_REQUIRED WORK_
Transcribe the entries exactly; images are not part of the copy.

--- RECORDS FOR THIS TASK ---

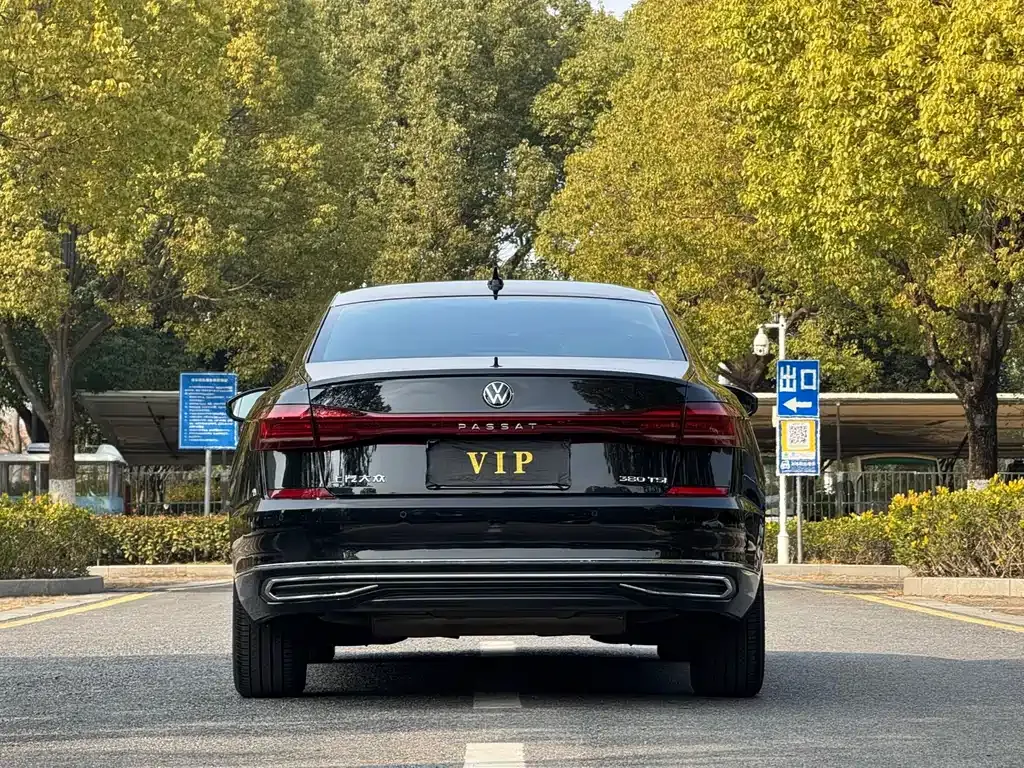 Volkswagen Passat — фото 9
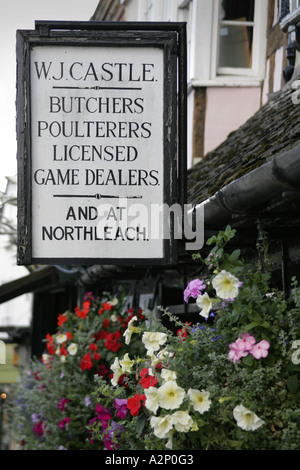 Alten altmodische traditionellen Metzger unterzeichnen auf der High Street in Burford Stockfoto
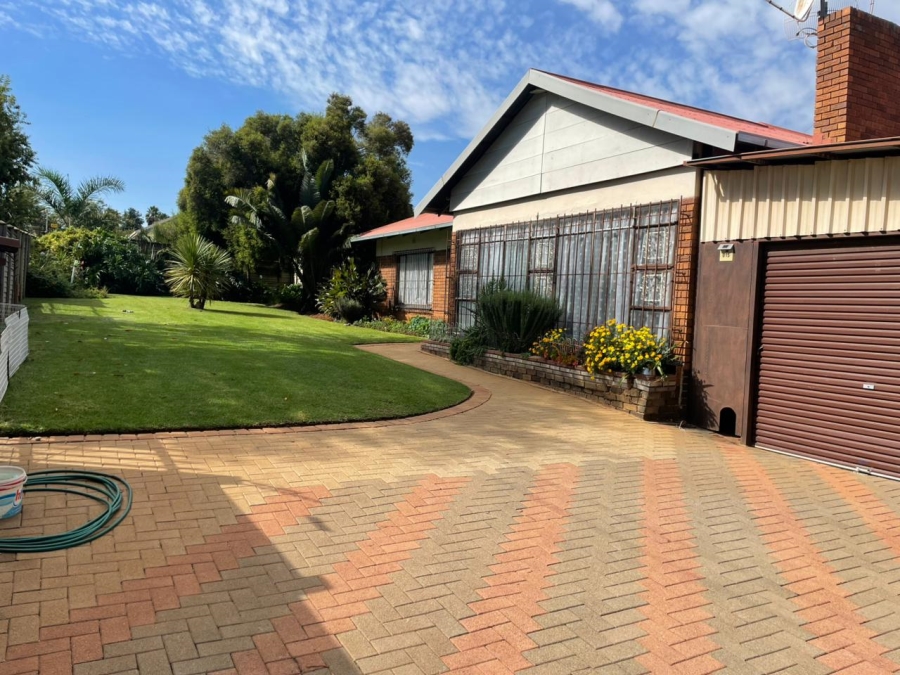 3 Bedroom Property for Sale in Mindalore Gauteng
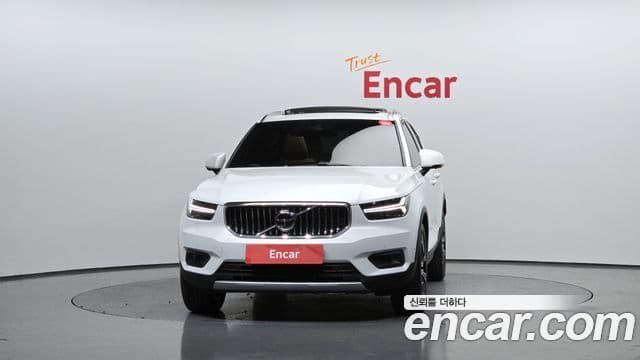 Volvo XC40 B4 Inscription, 2021 3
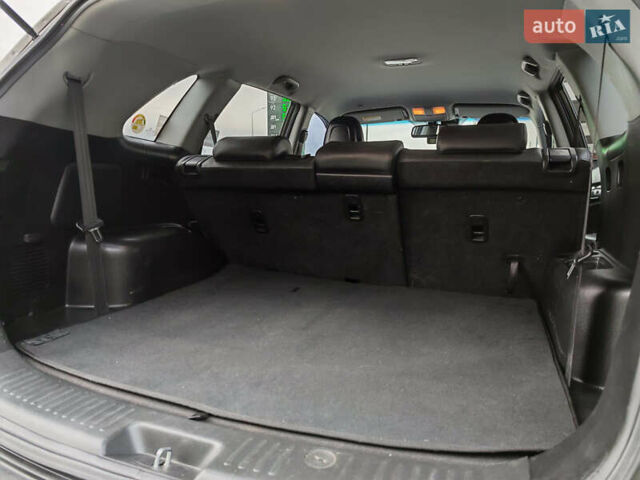 Серый Киа Соренто, объемом двигателя 2.2 л и пробегом 145 тыс. км за 15500 $, фото 70 на Automoto.ua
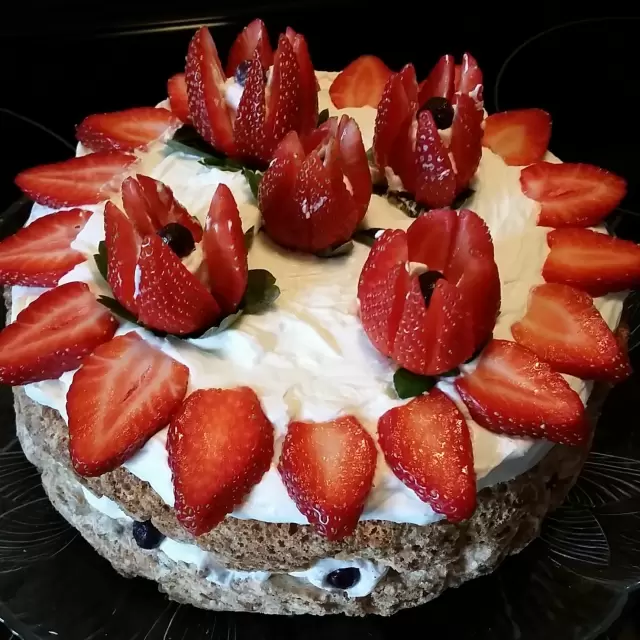 Mostachón con Crema y Fresas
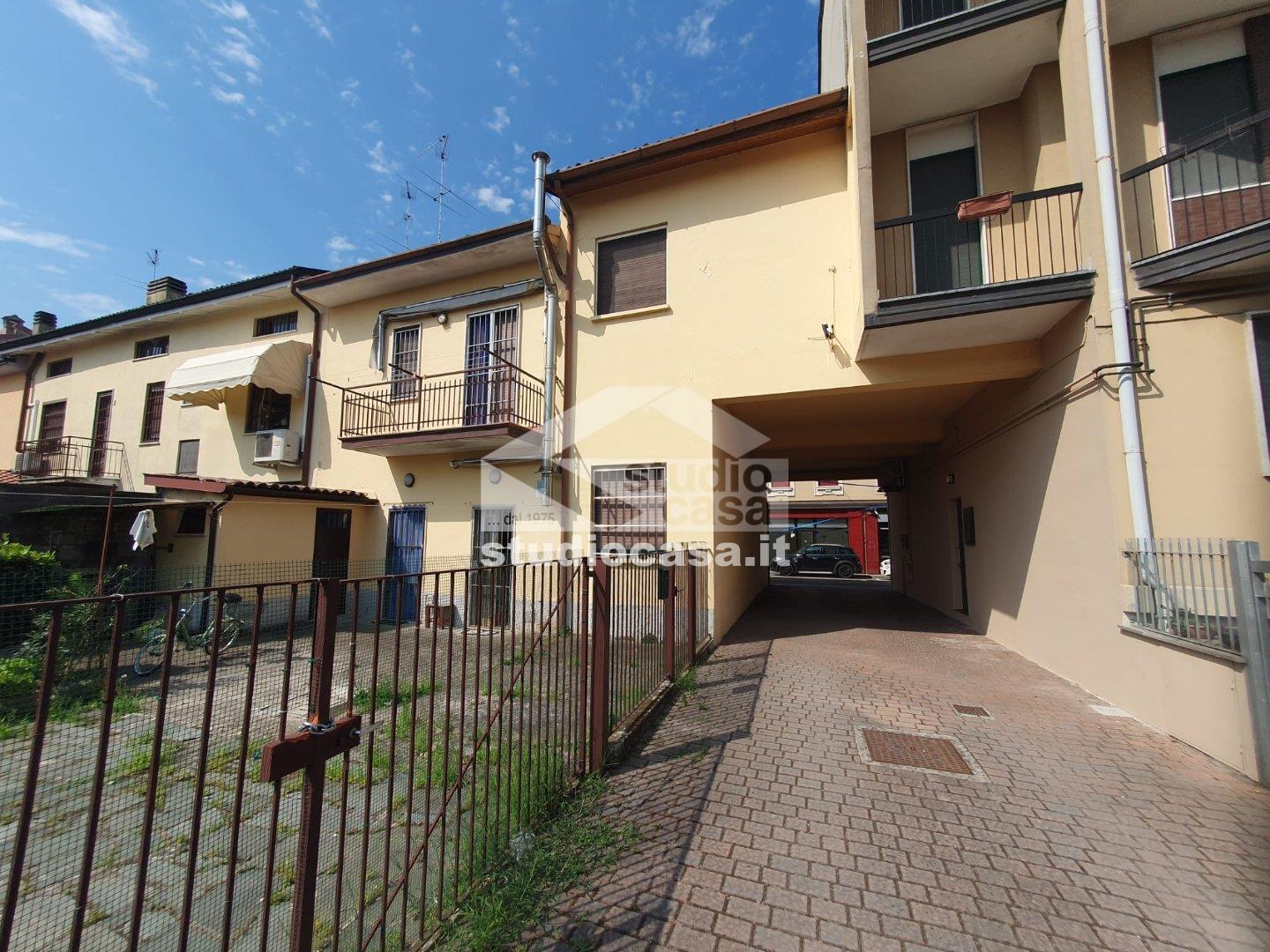 Lavanderia in vendita a Vidigulfo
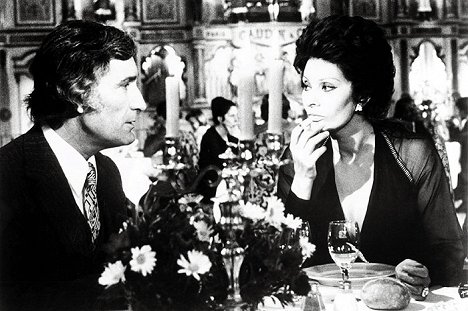 Jean-François Rémi, Sophia Loren - Das Urteil - Filmfotos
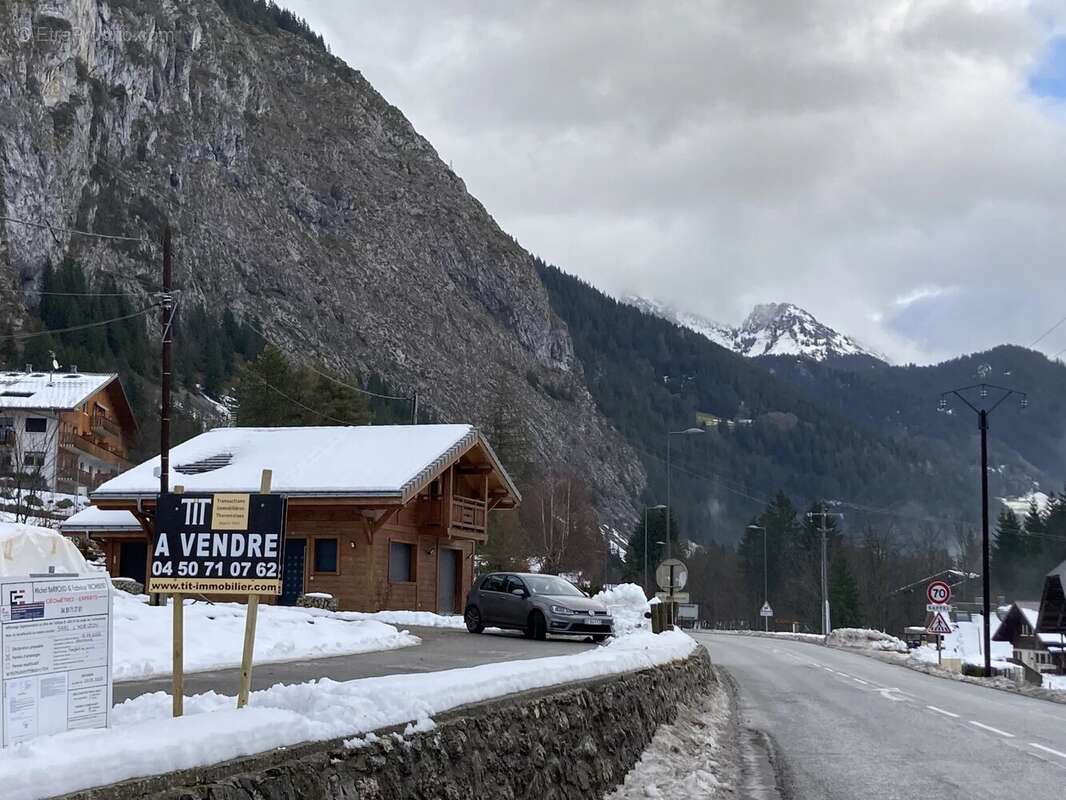 Terrain à ABONDANCE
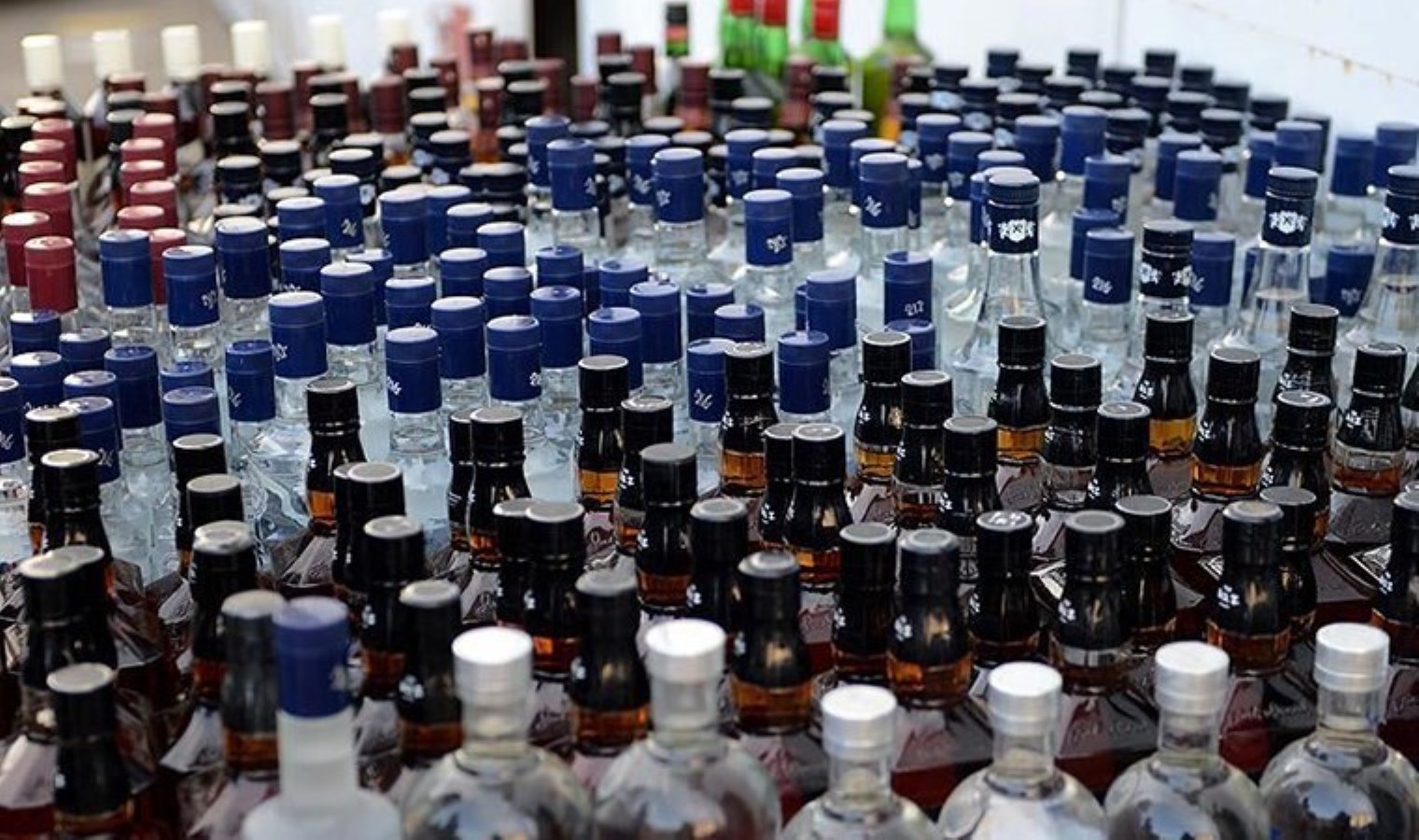 Piyasaya süreceklerdi… Jandarmadan yılbaşı öncesi operasyon: Mersin’de 540 litre sahte içki ele geçirildi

---

_ANSWER BOX_
 Volkswagen Passat — фото 9
 Alten altmodische traditionellen Metzger unterzeichnen auf der High Street in Burford Stockfoto
 3 Bedroom Property for Sale in Mindalore Gauteng
 Volvo XC40 B4 Inscription, 2021 3
 Серый Киа Соренто, объемом двигателя 2.2 л и пробегом 145 тыс. км за 15500 $, фото 70 на Automoto.ua
 Mostachón con Crema y Fresas
 Lavanderia in vendita a Vidigulfo
 Jean-François Rémi, Sophia Loren - Das Urteil - Filmfotos
 Terrain à ABONDANCE
 Piyasaya süreceklerdi… Jandarmadan yılbaşı öncesi operasyon: Mersin’de 540 litre sahte içki ele geçirildi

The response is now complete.